# [Aim of the task]
Use the entries below and reproduce exactly the lines from the one containing "START technoTIG 230 AC/DC PULSE" down to the one containing "Imaginário #03 –", both of them included.

# [Data shown]
........
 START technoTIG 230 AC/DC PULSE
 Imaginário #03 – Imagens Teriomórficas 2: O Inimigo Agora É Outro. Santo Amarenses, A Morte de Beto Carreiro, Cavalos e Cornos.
........
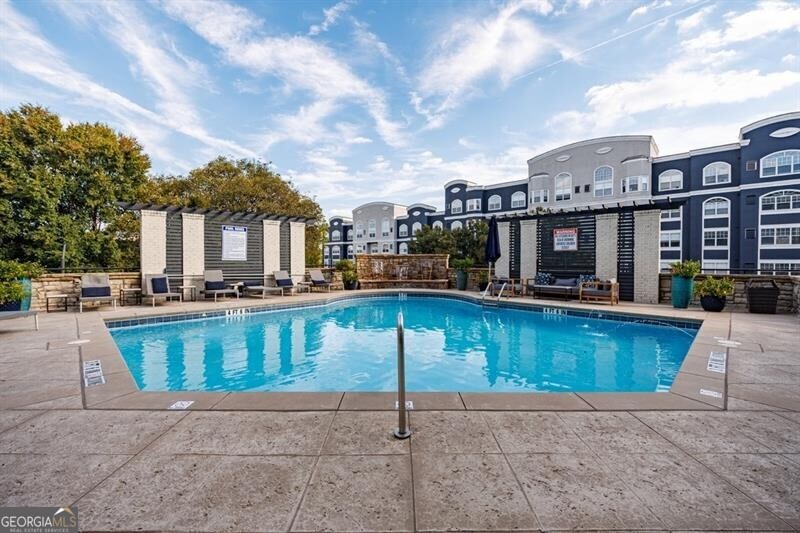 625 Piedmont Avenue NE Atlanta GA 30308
........
# [Your solution]
 START technoTIG 230 AC/DC PULSE
 Imaginário #03 – Imagens Teriomórficas 2: O Inimigo Agora É Outro. Santo Amarenses, A Morte de Beto Carreiro, Cavalos e Cornos.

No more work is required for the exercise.